MICHELLE COTTLE: Well, it’s a couple of things.

One, the numbers have been thrown around. There’s a big chunk of Iowa Democratic caucus-goers that consider themselves socialists. They’re more liberal. The Clintons are not the left wing of the party. They also don’t talk in terms of revolution.

So, temperamentally, the zeitgeist just isn’t there. In 2008, there was much talk about how the organization wasn’t there and Hillary didn’t spend enough time in the state. This time, she has tried to remedy that. But there is also still this sense that she’s not as down and removed. There’s too much security, there’s too much structure.

I have talked to Iowa voters who complain that, when they go to her events, they can’t really get close to her. So, it’s just — it’s a combination of things that make it tough for her. But it’s one state and it’s a state that’s tiny and we will move on.

GWEN IFILL: Well, David, it’s almost become — we’re exploding conventional wisdom left and right tonight, but one of the pieces of conventional wisdom involving Hillary Clinton is that it’s just her moment isn’t quite there, that she hasn’t connected, that things like these e-mails have raised such a dust that it makes people think, I don’t know if I trust her.

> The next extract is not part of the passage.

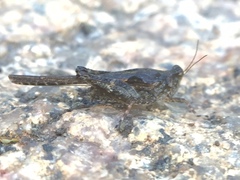 Orthoptera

Is that something that is just unique to the early voting states?

DAVID BROOKS: It’s a drag on her, but I would just point out that, eight years ago, she got a lot better after a defeat, got a lot better as a candidate. I would also point out that, when her husband ran in 1992 — I forget the exact numbers — he lost a ton of the first 10 contests.


DAVID BROOKS: This thing can go on, and she will get better.

She hasn’t found a focus yet, the way Sanders has a focus. He was born with a focus. She has not found it. But I wouldn’t be surprised if in a month or two, she’s honed on something just caused by the pressure of defeat, the near-death experience.

GWEN IFILL: And I wanted to circle back to the establishment question with you, David, because, as we speak tonight, none of — I think Jeb Bush, and Chris Christie and John Kasich are all already in New Hampshire.

They have already — John Kasich said, ah, I’m moving on. Is that — we have seen people survive after losing in Iowa, obviously. Is that possible for Republicans as well in this environment?

DAVID BROOKS: Yes, totally.

Rick Santorum won here. Mike Huckabee won here. This can nominate — this can sometimes give — hand victory to people who don’t move on. And so for a Chris Christie, there was never going to be a good kind of place. So, we will be sitting here in April, I think, still talking about this race, especially on the Republican side. So they still have decent shots.

GWEN IFILL: We will be sitting here in April, Michelle?


MICHELLE COTTLE: We will be sitting here in April talking about this.

GWEN IFILL: We will be sitting here.

MICHELLE COTTLE: We will just know a lot more by then.

It’s going to be fascinating to see what the Trump story coming out of Iowa is, because it’s going to be about Trump, no matter whether win, lose or draw.


MICHELLE COTTLE: But, you know, come April, we will have a lot more votes having passed, and the story will be completely different.

GWEN IFILL: Michelle Cottle of “The Atlantic,” thank you for joining us tonight, and David Brooks, we will talk to you all night long.